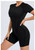 Short Jumpsuit Gym Clothes For Women Sportswear Fitness Overalls Backless Scrunch Booty Yoga Suit Sports Set Outfit Short Jumpsuit Gym Clothes For Women Sportswear Fitness Overalls Backless Scrunch Booty Yoga Suit Sports Set Outfit
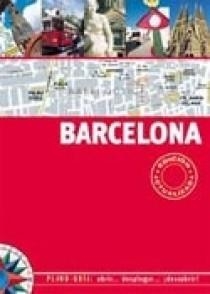 BARCELONA PLANO-GUIA | 9788466619387 | AUTORES GALLIMARD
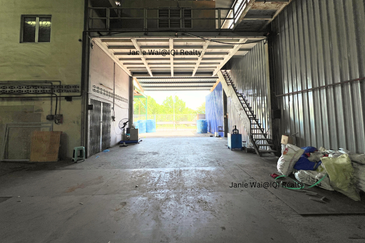 Senawang Integrated Industrial Park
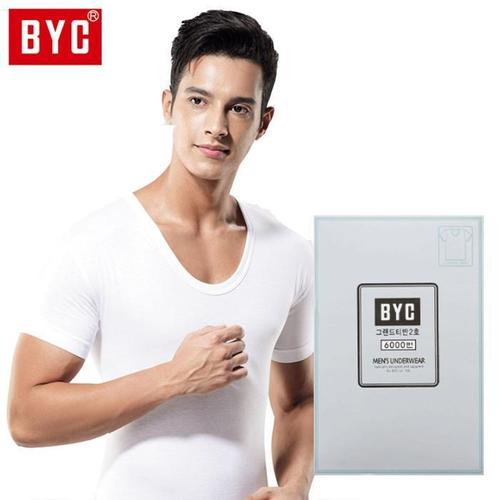 [JH4P2904_51HC]남성 순면 50수 그랜드 반팔 런닝 DOLI6036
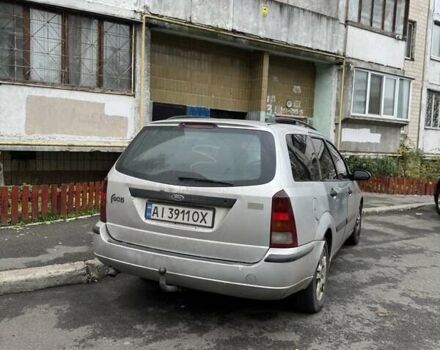 Форд Фокус, объемом двигателя 1.8 л и пробегом 400 тыс. км за 2500 $, фото 1 на Automoto.ua
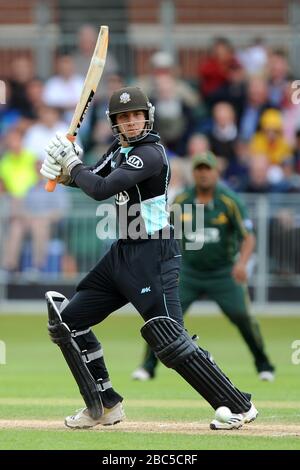 Zafar Ansari, Surrey Lions Stockfoto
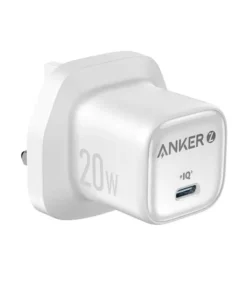 Anker Zolo 20W PD 3.0 Fast Charger (GaN II Wall Adapter)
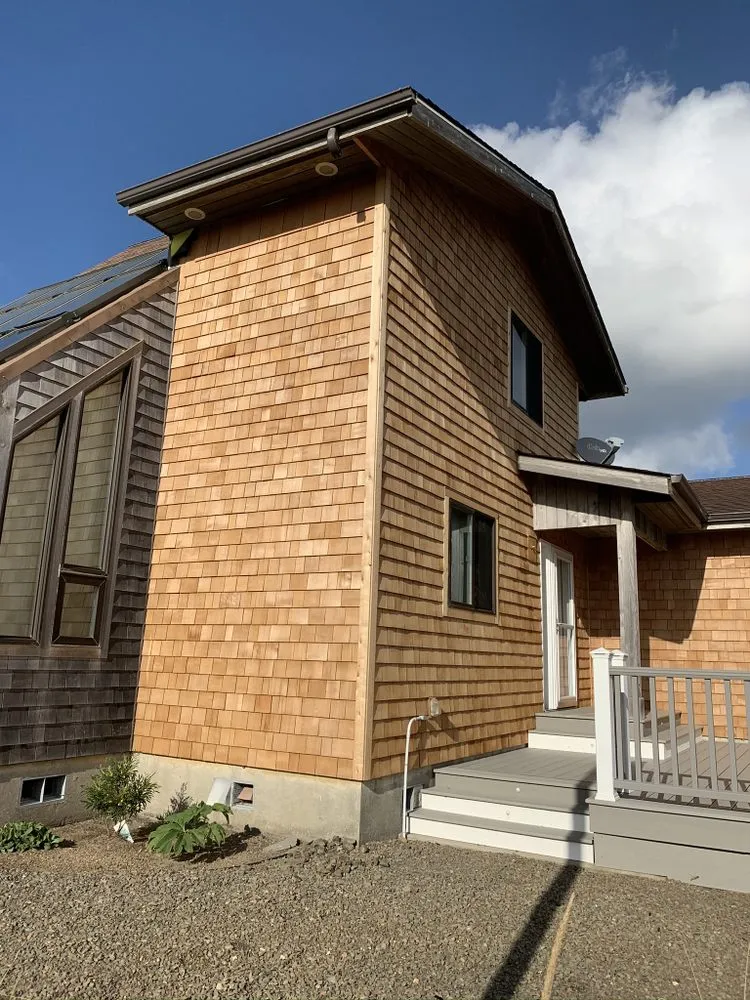 Slide of Integrity Construction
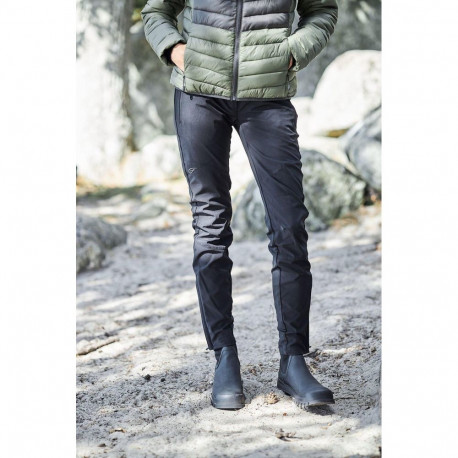 Softshell püksid Five Seasons Sylvia must - 38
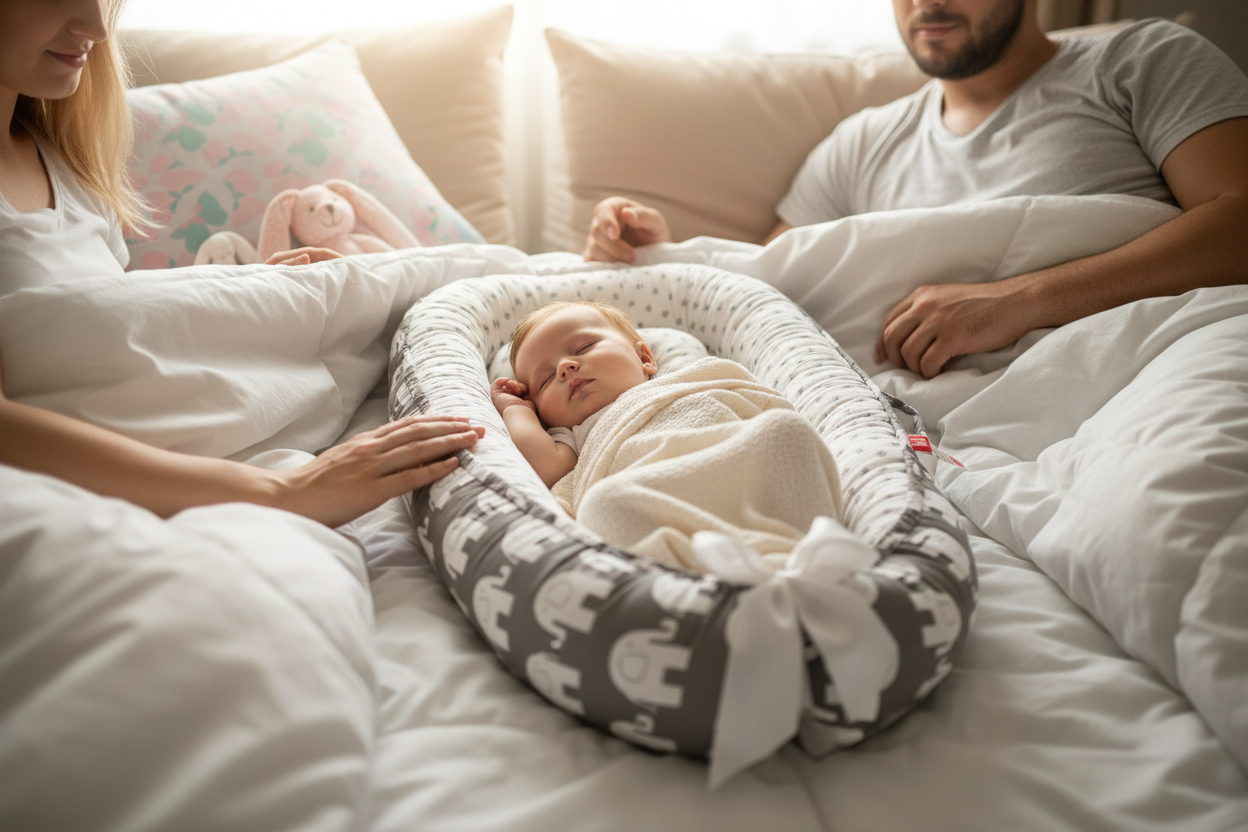 reducteur de lit bebe-elephant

—————

* _What you have to do_
Set down, in exact form, only the lines that start at the one containing "Zafar Ansari, Surrey Lions Stockfoto" and finish at the last line of the material; pictures do not go in.

* _Response to the exercise_
 Zafar Ansari, Surrey Lions Stockfoto
 Anker Zolo 20W PD 3.0 Fast Charger (GaN II Wall Adapter)
 Slide of Integrity Construction
 Softshell püksid Five Seasons Sylvia must - 38
 reducteur de lit bebe-elephant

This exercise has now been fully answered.